--- ACTIVITY ---
Nothing outside the stretch is wanted. Repeat exactly the lines of the listing below from the one that contains "Building Photo - 25128 N 171st Ave" through the one that contains "Седан BMW 5 Series 1990 в Стрию", both ends included.

--- DATA EXCERPTS ---
=-=-=

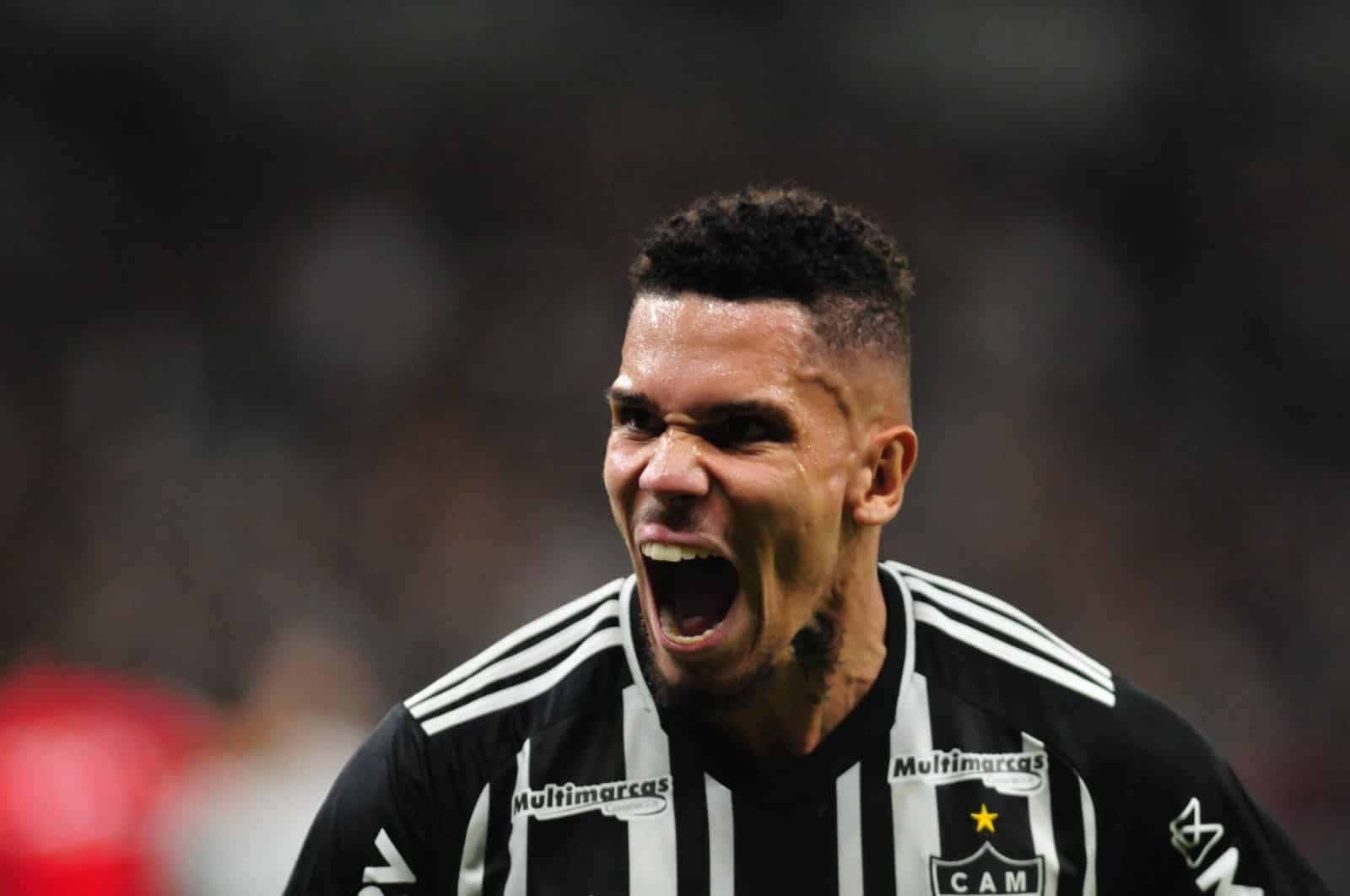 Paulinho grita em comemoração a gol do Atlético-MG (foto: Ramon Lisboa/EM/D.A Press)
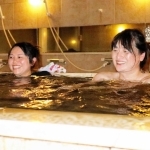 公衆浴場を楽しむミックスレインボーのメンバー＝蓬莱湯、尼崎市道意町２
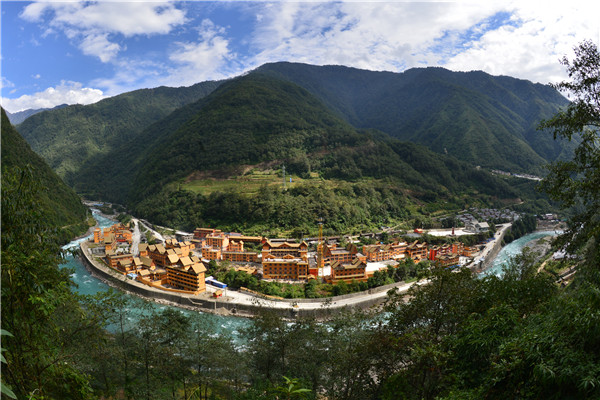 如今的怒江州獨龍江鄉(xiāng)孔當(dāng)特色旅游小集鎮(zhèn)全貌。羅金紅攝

=-=-=

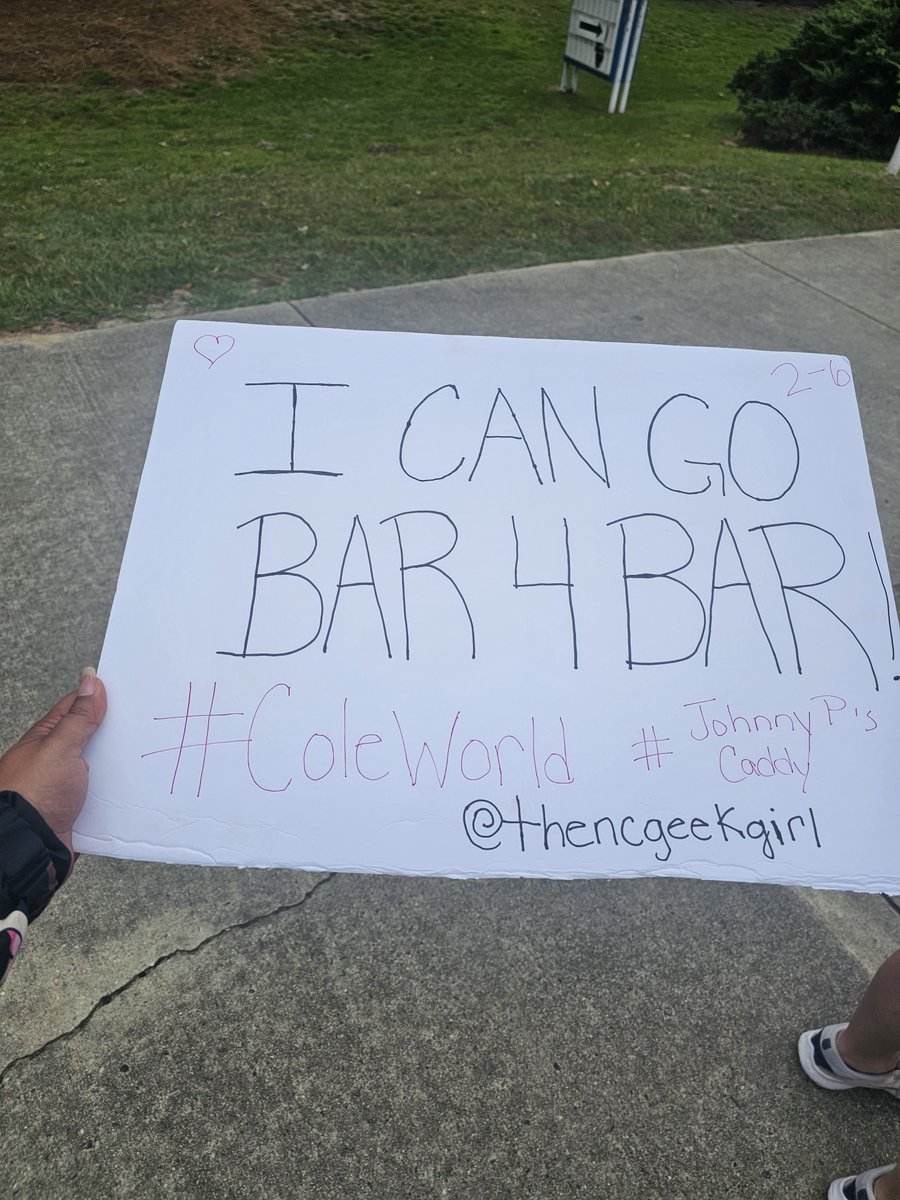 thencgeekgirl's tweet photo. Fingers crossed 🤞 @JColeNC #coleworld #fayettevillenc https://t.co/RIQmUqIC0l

=-=-=

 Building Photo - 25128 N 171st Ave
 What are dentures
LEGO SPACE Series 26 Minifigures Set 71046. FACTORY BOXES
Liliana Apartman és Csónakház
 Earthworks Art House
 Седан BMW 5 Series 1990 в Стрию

=-=-=

--- THE ANSWER ---
 Building Photo - 25128 N 171st Ave
 What are dentures
LEGO SPACE Series 26 Minifigures Set 71046. FACTORY BOXES
Liliana Apartman és Csónakház
 Earthworks Art House
 Седан BMW 5 Series 1990 в Стрию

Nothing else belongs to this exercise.